STORED DATA:

=-=-=-=-=

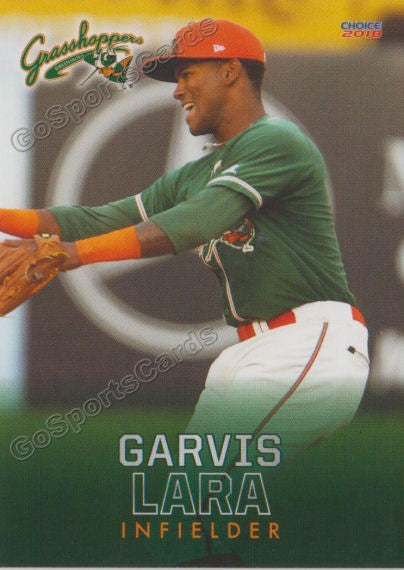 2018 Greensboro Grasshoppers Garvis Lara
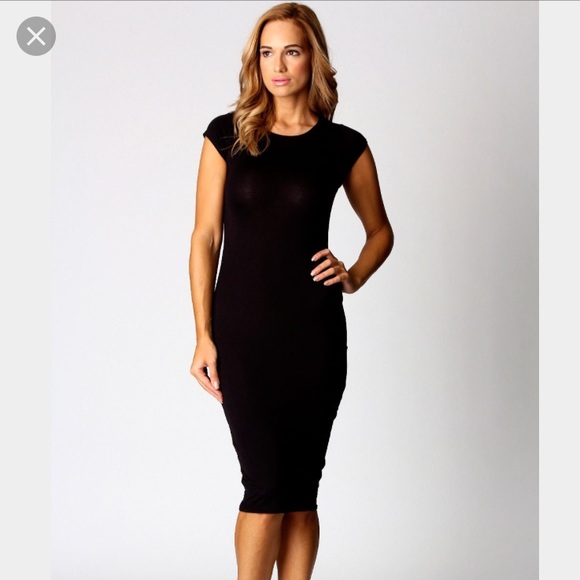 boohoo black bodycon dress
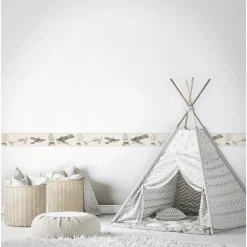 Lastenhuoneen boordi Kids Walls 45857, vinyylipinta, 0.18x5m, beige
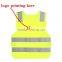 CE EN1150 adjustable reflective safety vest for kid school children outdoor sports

=-=-=-=-=

WHAT THE TASK ASKS: Take every line of the material and copy it exactly, leaving out the pictures.

RESULT FOR THIS EXERCISE:
 2018 Greensboro Grasshoppers Garvis Lara
 boohoo black bodycon dress
 Lastenhuoneen boordi Kids Walls 45857, vinyylipinta, 0.18x5m, beige
 CE EN1150 adjustable reflective safety vest for kid school children outdoor sports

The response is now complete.